State Department: US ‘has its own mechanisms’ to investigate Bashar Assad

President Trump might not feel obliged to await the results of an international investigation into the latest chemical weapons attack in Syria to decide if an attack on President Bashar Assad’s regime should face a retaliatory strike, the State Department said Tuesday.

“The United States government has its own mechanisms to be able to look into things,” State Department spokeswoman Heather Nauert told reporters.

Nauert touted American intelligence capabilities against the backdrop of a United Nations Security Council debate over how to investigate the latest reports that chemical weapons have been used in a Syrian hotspot. Western allies have blamed Assad, while Russia has denied that any chemical weapons were used, along with arguing that rebel forces might have staged the incident to provoke a Western strike on the regime.

“A chemical was used, we’re just not sure — at this point, today — exactly what was used,” Nauert said.

Russia vetoed a U.S.-drafted Security Council resolution to establish an international mechanism for investigating the attack, while a Russian alternative failed with only six supporters among the 15-member council.

“The United States did everything possible to work toward Security Council unity on this text,” U.S. Ambassador to the U.N. Nikki Haley said Tuesday. “Russia’s resolution gives Russia itself the chance to choose the investigators and then to assess the outcome. There is nothing independent about that.
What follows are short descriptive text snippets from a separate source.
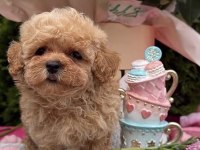 Maltipoo Safkan Köpeği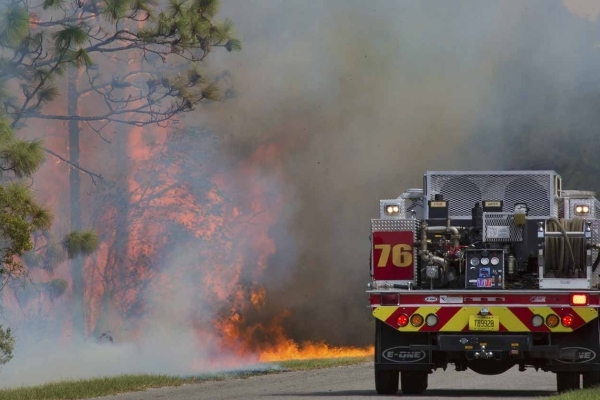 Wild Fires/Smoke Damage Leads image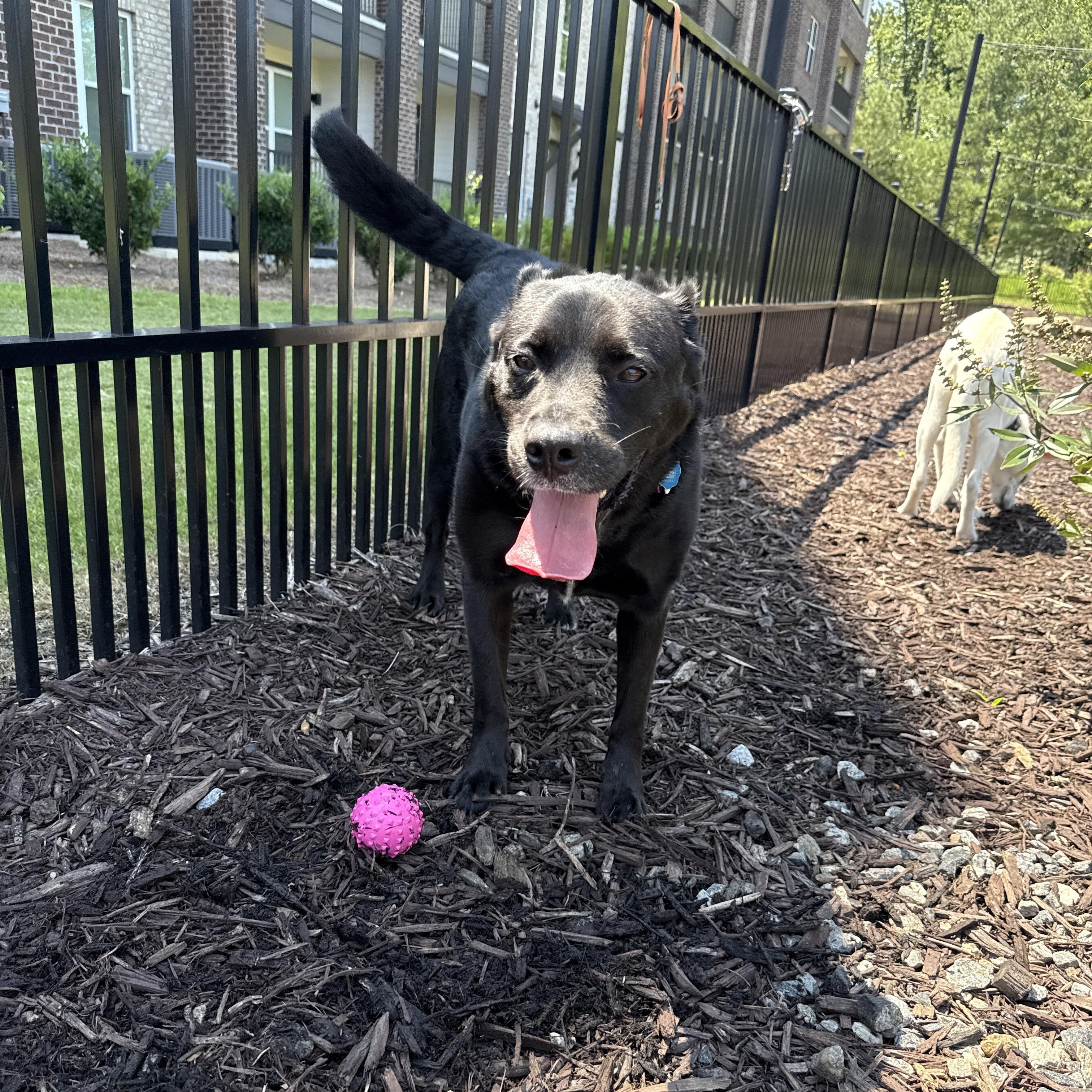 Max, a Adoptable mixed breed in Cumming, GA image 3/6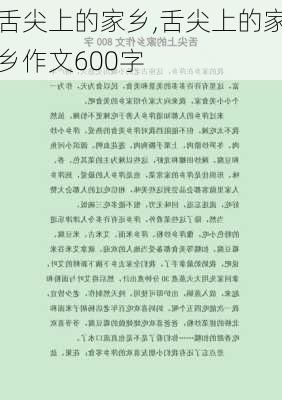 舌尖上的家乡,舌尖上的家乡作文600字-第2张图片-星梦范文网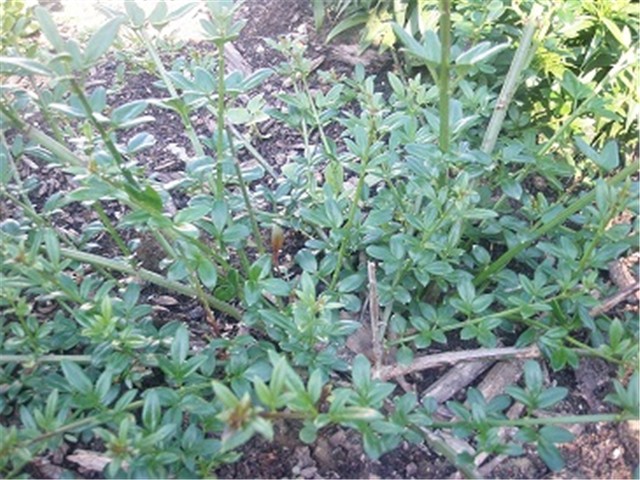 zimski jasmin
The United States is not asking to choose the investigators and neither should Russia.”

International monitors with the Organization for the Prohibition of Chemical Weapons have announced plans to go to Douma, the scene of the latest incident. Assad’s government is tasked with “mak[ing] the necessary arrangements” for the trip, per the OPCW, while Russia has offered to guarantee the security of the monitors.

Trump’s administration, along with Western allies, have signaled a willingness to carry out a retaliatory strike against Assad quite apart from the results of the OPCW probe.

“We know that only certain players, to use your word, have access to these kinds of chemical weapons,” Nauert said Tuesday in response to a reporter’s question. “We know that it requires certain kinds of delivery mechanisms to use these kinds of weapons. Not everyone out there has access to those delivery mechanisms. So, we have that information, we’re familiar with it.”